26 Ocak 2014 Pazar

Cle#2 İnsanın Dört Zindanı - Dr. Ali Şeriati

Dr. Ali Şeriati'nin Nisan 1981'de Almanya'da bir üniversitede yaptığı konuşmanın Hüseyin Hatemi tarafından Türkçe'ye çevrilmiş metni aslında okuduğum. Bugün bir arkadaşım bıraktı, bir saat içinde de bitirdim. 61 Sayfa olduğu için de kitap olarak sayabilir miyiz bilmiyorum. Saymak da değil derdim aslında, söylemlerinin ilham vericiliği. Din için insan-beşer ayrımı nedir? Beşer'in insan olma yolundaki dört zindanı yani saplanıp kaldığı ve ötesini düşünmeye kendini zorlamadığı inanışları; "biyoloji" sosyoloji" "materyalizm" ve "tarihçilik" neden zindan olarak tarif ettiği gibi düşündürücü mevzular var

Beşer ile insanın ayrımını kısaca söyleyerek kitaba ilginizi çekmeye çalışayım; beşer olduğumuz organik yaratıktır,  hayvanlar aleminin kordalılar (Chordata) şubesinin memeliler sınıfına ait türdür. İnsan ise olunan bir şeydir. Tüm engellere rağmen olunabilen bir şeydir.
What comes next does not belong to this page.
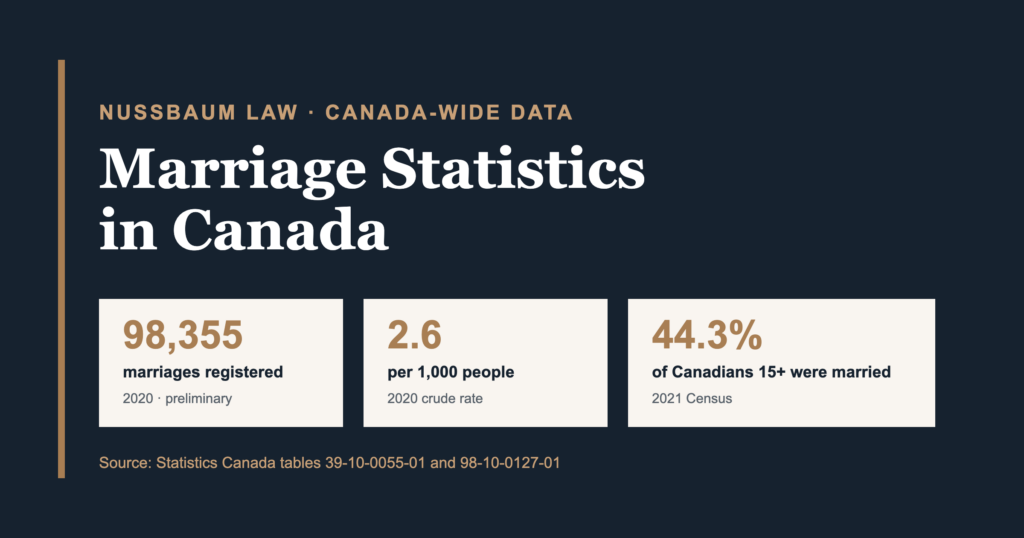 Marriage statistics in Canada: marriage rate, registered marriages and married and common-law shares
Çok hızlıca okudum, ama bence bir kaç kere okunulması, tartışılması, düşünülmesi gereken bir kitap. Muhtemelen Ali Şeriati'nin diğer kitapları gibi.

12 Ocak 2014 Pazar

Cle#1 Maximilian Ponder'in Muteber Beyni

Kitap, okuma grubumuzdan Berna'nın önerisiydi. Yani bu kitabı Seda ve Mithat da okudular.
İlk yorumu yazıyor olmak biraz gergin bir durum aslında. Zira içerik ne olacak, nasıl yazacağız gibi şeyleri hiç konuşmadık. Ben de içimden geldiği gibi yazayım dedim ve vira bismillah!

Kitabın yazarı J.W. Ironmonger Doğu Afrika'da doğup büyümüş ve şu anda İngiltere'de yaşıyor. Tıpkı kitabın kahramanları Max ve Adam gibi. Yazar bu durumu inkar etmiyor ve kitabın sonundaki 21 maddede, kitapta neyin gerçek neyin kurmaca olduğunu bize söylüyor.

Kitap sondan başa, doğru, aslında ileri geri gidiyor. Her anısını kaydetmek, beyninin katalogunu çıkartmak ve böylece belki bir şey ispat etmek çabasındaki Max 21 yaşında kendisini evine kapatır. Dış dünya ile tüm bağlantısını çocukluk arkadaşı Adam sağlar. Kitap Adam'ın Max'i ölü bulmasıyla başlıyor (bu spoiler sayılmaz kitabın arka kapağında da yazıyor.) ve Max'in tüm anları ve anılarıyla doldurduğu defterlerden örnekler ve Adam'ın bunlara karşı yorumları, eklemeleri ve o günü anlatmasıyla devam ediyor. Aslında kitap, Max'in çılgın katalogunu da içeren bir tek günü anlatıyor. Hepsi bu.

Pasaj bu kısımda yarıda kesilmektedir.